Help Weight ScaleAnorexia Nervosa affects between 0.5%-1% of women during their lifetimes, and about one tenth of that number of men.  Even when the condition of patients is life-threatening, they are not defined under the Treatment of Mental Patients Law of 1991 as mentally ill, and cannot be hospitalized involuntarily.  In extreme cases, the court may appoint a guardian, usually a parent, who can agree to the involuntary hospitalization of the patient.  This marks the beginning of a process that results in very few patients actually being forcibly hospitalized, and even then they can leave treatment after there have been certain improvements in their condition.

Inasmuch as treatment in extreme cases of the illness requires the cooperation of patients, one of the arguments of those who oppose involuntary hospitalization of patients with Anorexia Nervosa is that, beyond the legal question of a person’s freedom of choice, involuntary hospitalization is an ineffective tool that will not improve the health conditions of patients. Back in February of 2012, the Knesset passed an initial reading of a bill allowing for the compulsory treatment of patients with extreme anorexia, but the dissolution of the Knesset halted the legislative process, and it has not been renewed since.

In regard to the constitutional question regarding one’s freedom of choice, Prof. Latzer said that anorexia is a serious mental problem which places patients into a state of extreme malnutrition.  “This condition impairs the cognitive ability of patients to make sound judgments and to correctly perceive the life-threatening condition that they are in. “Therefore”, Latzer concludes, “it is very important to help them save their own lives.  Because of this situation, the legislation of this bill should be included in future parliamentary laws.  The law would stand to benefit the individual, even though his/her freedom of choice is taken away to some degree for a period of their life”.

In the present study, which was performed by Prof. Latzer who is the director of the Eating Disorders Clinic at Rambam Medical Center, research student Adit Zohr-Beja, and Dr. Eitan Gur from the Eating Disorders Department of Sheba Medical Center, the researchers sought to examine claims concerning the ineffectiveness of involuntary hospitalization, and determine whether there is a difference in outcomes between patients who were forcibly hospitalized versus those who were willingly hospitalized. To do this, 79 patients were examined over the last decade. Twenty-eight of them were involuntarily hospitalized by the courts and fifty-one were hospitalized of their own free will. The clinical data (body mass index, or BMI, blood pressure, pulse and more) upon admission of both groups were similar.

The study showed that compulsory treatment and voluntary treatment both led to the same positive outcomes.  According to the researchers, despite the declared reluctance to receive treatment of those involuntarily hospitalized, their response to treatment was good.  Moreover, it was found that compulsory treatment could reduce feelings of guilt in patients relating to receiving suitable treatment and nutrition.  It was also found that the duration of hospitalization for both groups was similar, as was the rate of mortality. Likewise, patients from both groups gained weight at a similar rate and a similar percentage joined rehabilitation programs after being released from the hospital.

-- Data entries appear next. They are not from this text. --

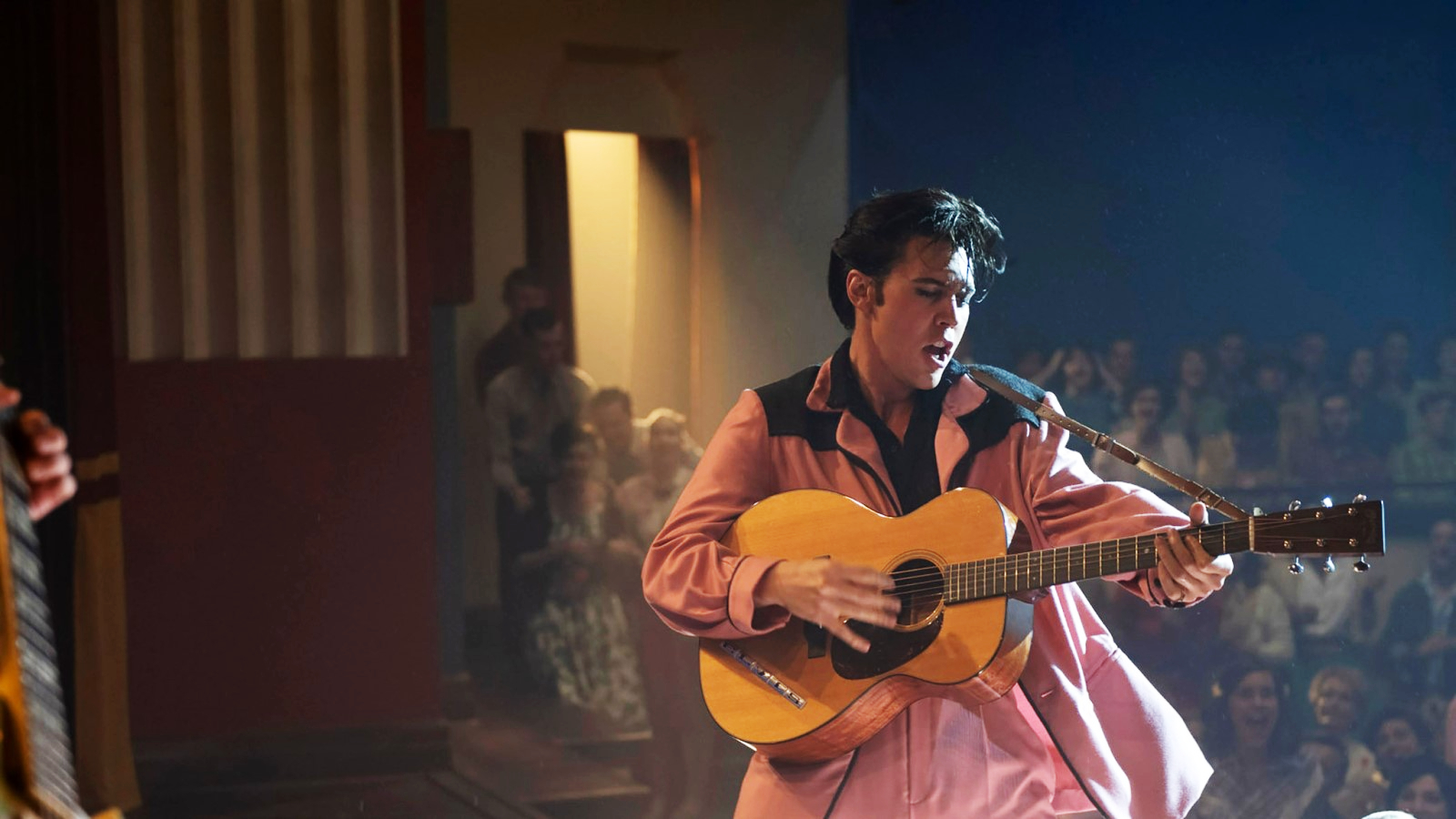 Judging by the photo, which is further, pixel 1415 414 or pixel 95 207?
pixel 1415 414

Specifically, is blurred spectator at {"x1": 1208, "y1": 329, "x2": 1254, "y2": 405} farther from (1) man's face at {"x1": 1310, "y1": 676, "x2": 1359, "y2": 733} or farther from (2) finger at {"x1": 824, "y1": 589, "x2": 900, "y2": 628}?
(2) finger at {"x1": 824, "y1": 589, "x2": 900, "y2": 628}

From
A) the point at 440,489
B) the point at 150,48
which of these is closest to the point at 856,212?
the point at 440,489

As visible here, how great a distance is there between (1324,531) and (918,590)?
2.35ft

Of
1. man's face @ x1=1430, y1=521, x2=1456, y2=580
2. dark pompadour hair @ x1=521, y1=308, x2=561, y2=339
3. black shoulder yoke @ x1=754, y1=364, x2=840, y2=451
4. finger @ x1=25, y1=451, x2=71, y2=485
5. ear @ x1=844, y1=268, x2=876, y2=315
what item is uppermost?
ear @ x1=844, y1=268, x2=876, y2=315

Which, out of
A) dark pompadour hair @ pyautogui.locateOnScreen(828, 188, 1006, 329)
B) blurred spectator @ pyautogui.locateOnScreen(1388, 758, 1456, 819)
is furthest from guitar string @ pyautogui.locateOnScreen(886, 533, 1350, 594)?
blurred spectator @ pyautogui.locateOnScreen(1388, 758, 1456, 819)

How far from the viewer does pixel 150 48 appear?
3.46 m

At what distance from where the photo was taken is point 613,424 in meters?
3.67

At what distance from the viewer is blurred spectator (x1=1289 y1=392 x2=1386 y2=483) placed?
3.79 m

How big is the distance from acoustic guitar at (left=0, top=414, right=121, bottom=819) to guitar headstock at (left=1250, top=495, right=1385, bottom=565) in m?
1.84

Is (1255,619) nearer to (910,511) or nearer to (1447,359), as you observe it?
(1447,359)

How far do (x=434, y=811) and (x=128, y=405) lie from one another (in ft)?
4.07

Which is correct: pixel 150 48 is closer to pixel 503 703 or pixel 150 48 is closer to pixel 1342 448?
pixel 503 703

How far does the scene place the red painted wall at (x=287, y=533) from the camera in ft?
11.4

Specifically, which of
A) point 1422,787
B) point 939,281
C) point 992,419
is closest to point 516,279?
point 939,281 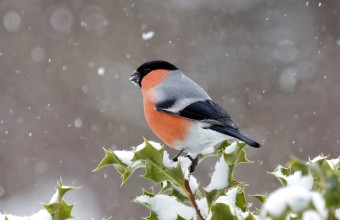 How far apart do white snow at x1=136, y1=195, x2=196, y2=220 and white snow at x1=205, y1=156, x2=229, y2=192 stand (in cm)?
6

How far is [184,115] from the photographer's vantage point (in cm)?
274

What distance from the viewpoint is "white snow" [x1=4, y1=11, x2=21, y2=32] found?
10133 mm

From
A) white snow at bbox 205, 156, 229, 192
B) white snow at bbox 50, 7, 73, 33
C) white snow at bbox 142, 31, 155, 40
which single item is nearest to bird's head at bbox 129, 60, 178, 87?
white snow at bbox 205, 156, 229, 192

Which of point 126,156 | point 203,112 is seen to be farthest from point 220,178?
point 203,112

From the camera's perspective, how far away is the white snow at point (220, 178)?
1203mm

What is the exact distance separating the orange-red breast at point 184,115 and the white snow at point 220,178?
1.04 metres

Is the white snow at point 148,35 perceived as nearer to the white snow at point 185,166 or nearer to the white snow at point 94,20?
the white snow at point 94,20

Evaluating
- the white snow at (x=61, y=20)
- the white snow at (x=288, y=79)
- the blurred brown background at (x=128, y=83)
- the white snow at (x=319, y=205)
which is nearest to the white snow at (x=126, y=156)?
the white snow at (x=319, y=205)

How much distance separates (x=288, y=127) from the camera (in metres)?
8.58

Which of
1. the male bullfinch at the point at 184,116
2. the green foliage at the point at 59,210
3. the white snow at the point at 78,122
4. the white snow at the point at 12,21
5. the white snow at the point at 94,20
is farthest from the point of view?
the white snow at the point at 94,20

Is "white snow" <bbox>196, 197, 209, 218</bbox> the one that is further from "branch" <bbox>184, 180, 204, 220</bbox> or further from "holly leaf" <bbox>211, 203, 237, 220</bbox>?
"holly leaf" <bbox>211, 203, 237, 220</bbox>

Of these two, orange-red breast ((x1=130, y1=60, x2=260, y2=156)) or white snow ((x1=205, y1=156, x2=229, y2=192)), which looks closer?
white snow ((x1=205, y1=156, x2=229, y2=192))

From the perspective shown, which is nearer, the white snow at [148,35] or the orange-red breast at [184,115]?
the orange-red breast at [184,115]

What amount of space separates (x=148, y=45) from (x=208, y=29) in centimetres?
113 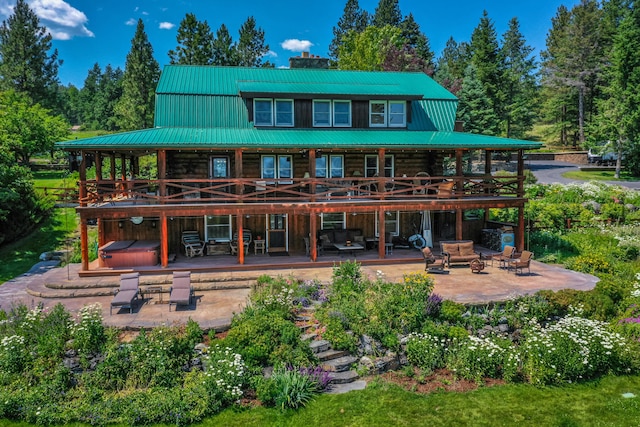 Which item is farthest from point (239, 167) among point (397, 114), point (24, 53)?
point (24, 53)

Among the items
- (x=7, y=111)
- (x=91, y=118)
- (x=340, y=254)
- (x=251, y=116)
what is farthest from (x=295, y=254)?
(x=91, y=118)

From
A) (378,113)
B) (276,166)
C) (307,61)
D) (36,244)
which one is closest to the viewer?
(276,166)

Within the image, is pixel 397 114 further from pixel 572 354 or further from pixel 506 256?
pixel 572 354

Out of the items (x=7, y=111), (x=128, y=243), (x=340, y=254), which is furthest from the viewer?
(x=7, y=111)

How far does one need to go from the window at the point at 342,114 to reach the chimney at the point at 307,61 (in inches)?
245

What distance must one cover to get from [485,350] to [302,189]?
11979 millimetres

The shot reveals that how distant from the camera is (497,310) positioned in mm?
13422

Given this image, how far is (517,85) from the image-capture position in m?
63.1

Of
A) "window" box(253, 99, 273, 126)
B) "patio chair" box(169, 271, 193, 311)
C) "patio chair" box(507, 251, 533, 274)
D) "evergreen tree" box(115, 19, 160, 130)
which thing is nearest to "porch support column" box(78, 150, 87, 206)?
"patio chair" box(169, 271, 193, 311)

“This study confirms previous research findings that the refusal of patients to receive treatment, and their perception of the eating disorder, may change during treatment, even in cases of the patient receiving treatment against their initial will.  Although forced hospitalization is complicated for the patient, their family and the hospital staff, it is sometimes necessary in order to save the patient’s life.  It is our duty as a society to provide compulsory treatment to patients until they are once again able to make sound judgments,” Professor Latzer concluded.